Discussion in 'Sausage' started by street guy, Mar 20, 2010.

  1. street guy

    street guy Newbie

    Has any one evere used ground mustard in their sausage, kielbasa, or summer sausage? What kinda flavor dose everone think it might add? Beside the obvious taste of mustard.
     
  2. badfrog

    badfrog Smoking Fanatic SMF Premier Member

    Hmmm.... I like the idea. I have a qt jar of whole mustard seed I might have to experiment with.
    You just have to be careful with fresh ground mustard...a lot of it in one place can have a bitterness to it.
    It might be good in added to a rub for pork butts too...
     
  3. travcoman45

    travcoman45 Master of the Pit OTBS Member

    Leaves a little bit a tang not like fermented, but more like well not real bitter, more like well heck mustard.

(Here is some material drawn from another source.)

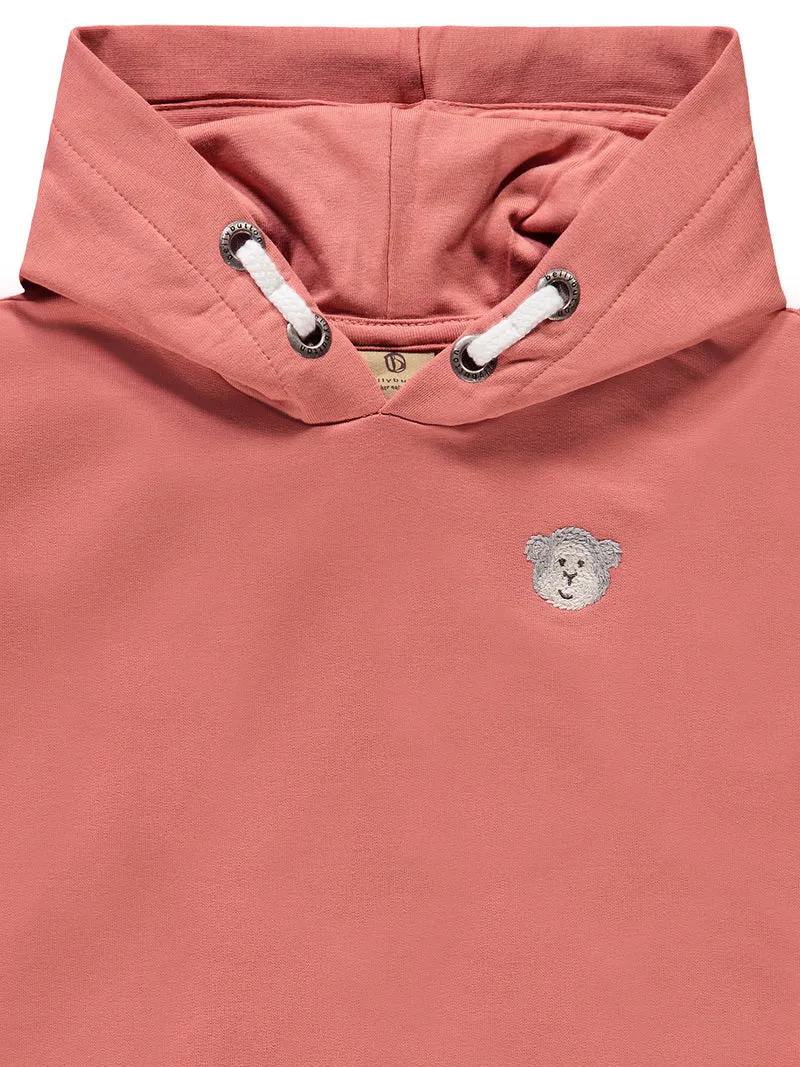 Hoodie Koralle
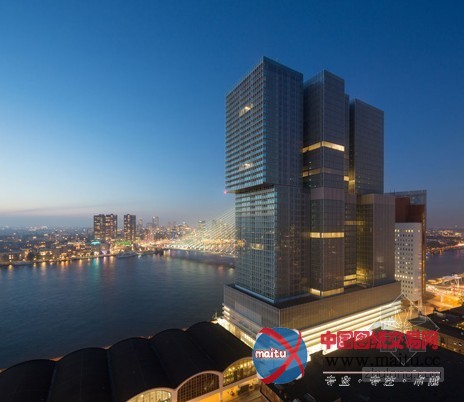 OMA设计的荷兰De Rotterdam大厦 “体现了全新的建筑追求”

Go easy on how much ya use, it be a personal taste thing. I use it in my summer sausage some.
     
  4. point blank

    point blank Fire Starter

    Like to add a little extra mustard seed into my summer sausage for extra tang
     
  5. So far I've only used it in making hot dogs and slim jims/ snack sticks..
     
  6. hog warden

    hog warden Smoking Fanatic

    In my mind, ground and whole mustard does not taste like the yellow stuff in the plastic bottle. Maybe if you added vinegar and salt?

    I add some of both to summer sausage. Wet your finger, touch it to the pure spice and taste it. Which is a good idea for all spices. Taste them pure. That way you get a sense for what it tastes like and can notice it.....even mixed in with the other stuff.

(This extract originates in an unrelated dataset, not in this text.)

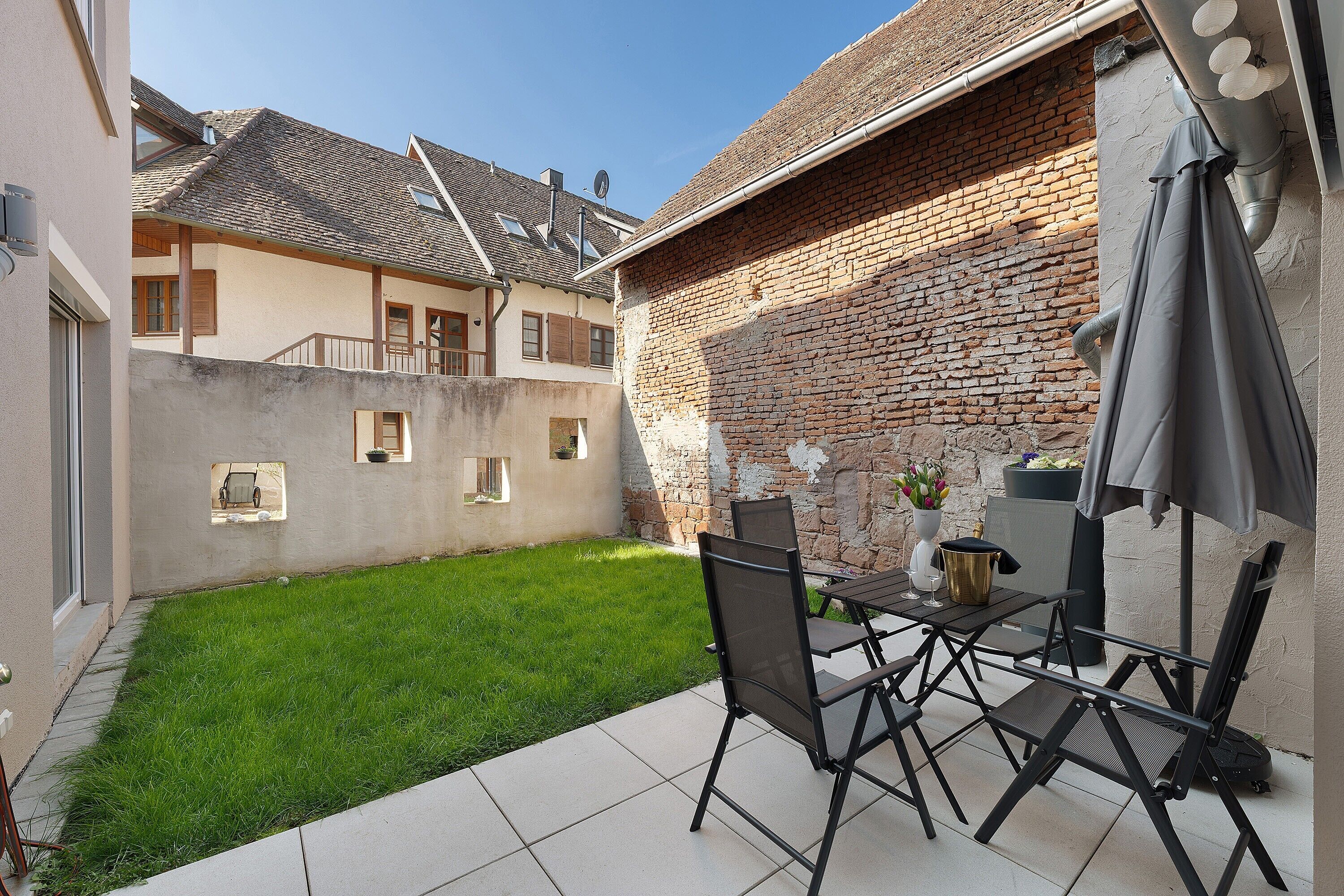 Restauration extérieure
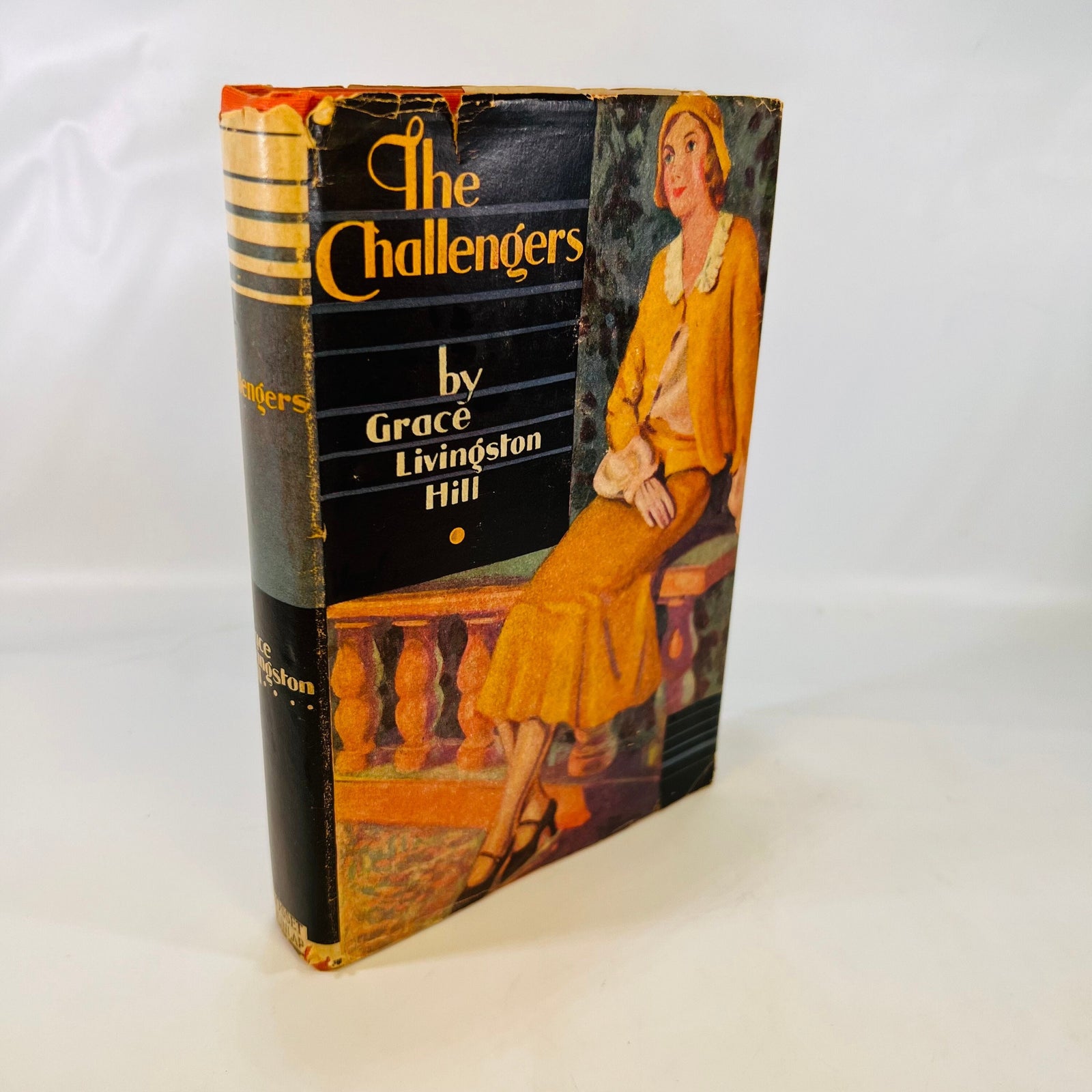 The Challengers byThe Challengers 1932 Grosset & Dunlap Vintage Fictional Book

    In Rytek's book, he mentions that once you get a sense for what individual spices taste like, you can almost tell how much of what is in a sausage, just by tasting it (the sausage).
     
  7. buttsmoker

    buttsmoker Fire Starter

    Mo
    I use a little in my pork rubs, adds a nice little kick. go easy on it.
     
  8. rstr hunter

    rstr hunter Smoking Fanatic

    We use whole mustard in our summer sausage and our bratwurst. And they turn out great.